◆ **Directions**
From the data below, return only the lines from the one with "Basuki Hadimuljono Pimpin" through the one with "806 Eagle Cove Drive, South Bend, IN 46614", exact and inclusive, with pictures left out.

◆ **Listed records**
--------------------
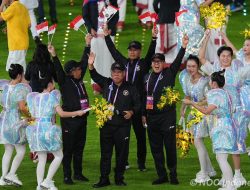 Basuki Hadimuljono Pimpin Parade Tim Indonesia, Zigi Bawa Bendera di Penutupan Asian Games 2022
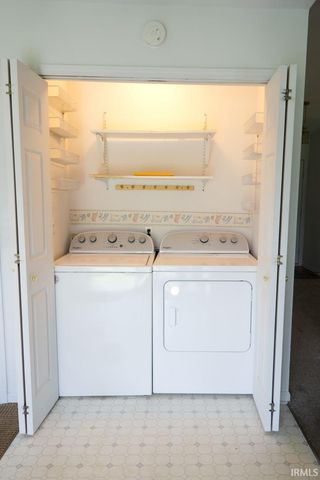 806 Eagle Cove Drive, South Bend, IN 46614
--------------------
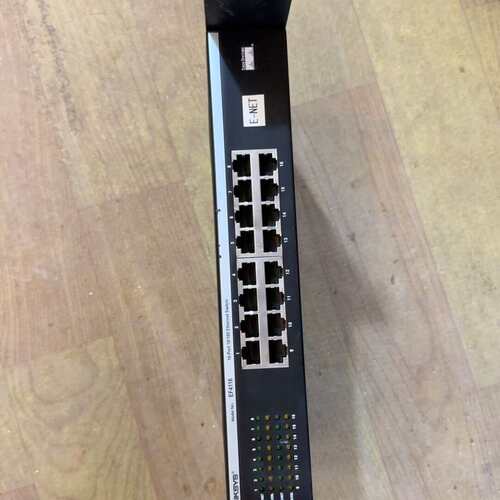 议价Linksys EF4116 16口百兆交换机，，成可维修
--------------------
◆ **Solution to this exercise**
 Basuki Hadimuljono Pimpin Parade Tim Indonesia, Zigi Bawa Bendera di Penutupan Asian Games 2022
 806 Eagle Cove Drive, South Bend, IN 46614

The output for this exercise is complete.